(Captioned web image data)
• • •
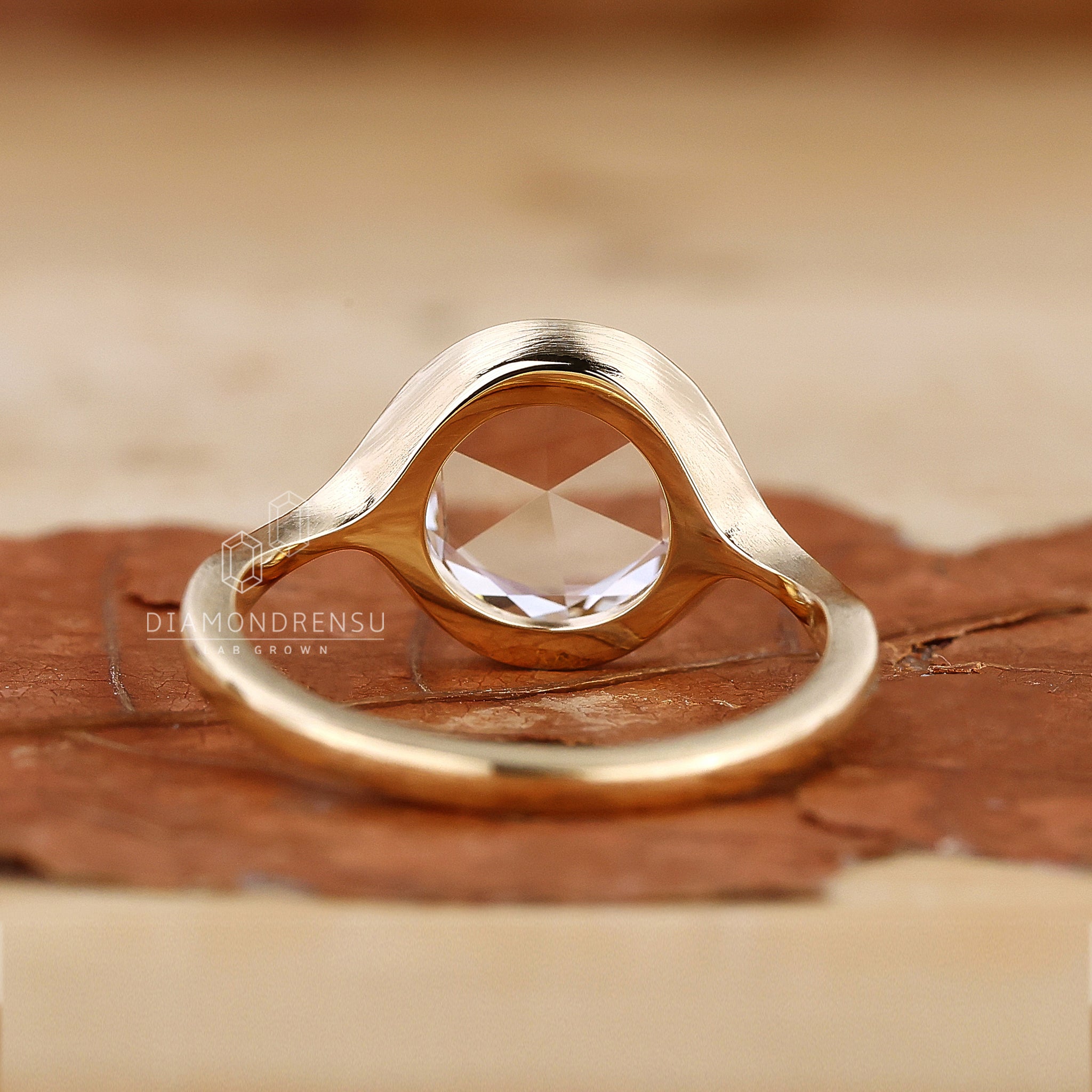 Yellow gold engagement ring with rose cut.
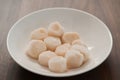 Frozen scallops in white bowl on walnut table for defrosting Royalty Free Stock Photo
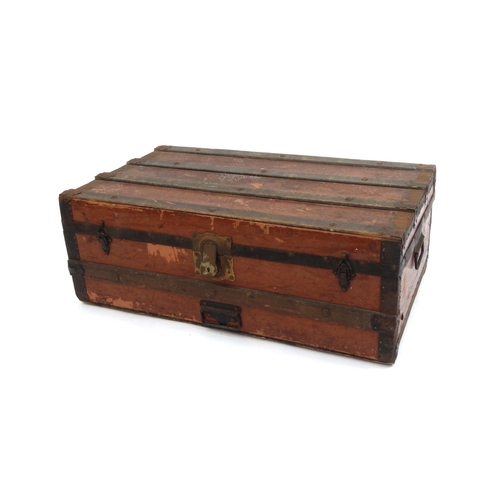 2063 - Vintage metal bound wooden travelling trunk, 31cm high x 83cm wide x 48cm deep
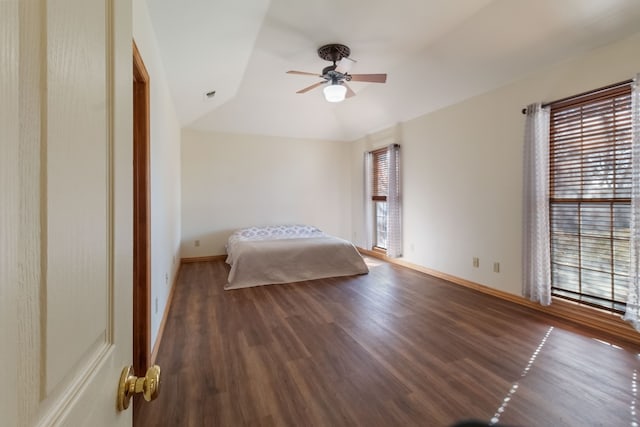 unfurnished bedroom featuring multiple windows, vaulted ceiling, dark wood-type flooring, and ceiling fan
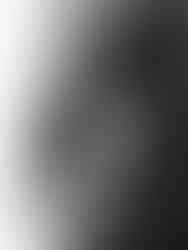 Couple maternity portrait of expecting parents embracing during a studio maternity photoshoot in New York City.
• • •
▸ **EXERCISE DETAILS**: Every record above must be repeated exactly, with the pictures dropped.

▸ **ANSWER BOX**:
 Yellow gold engagement ring with rose cut.
 Frozen scallops in white bowl on walnut table for defrosting Royalty Free Stock Photo
 2063 - Vintage metal bound wooden travelling trunk, 31cm high x 83cm wide x 48cm deep
 unfurnished bedroom featuring multiple windows, vaulted ceiling, dark wood-type flooring, and ceiling fan
 Couple maternity portrait of expecting parents embracing during a studio maternity photoshoot in New York City.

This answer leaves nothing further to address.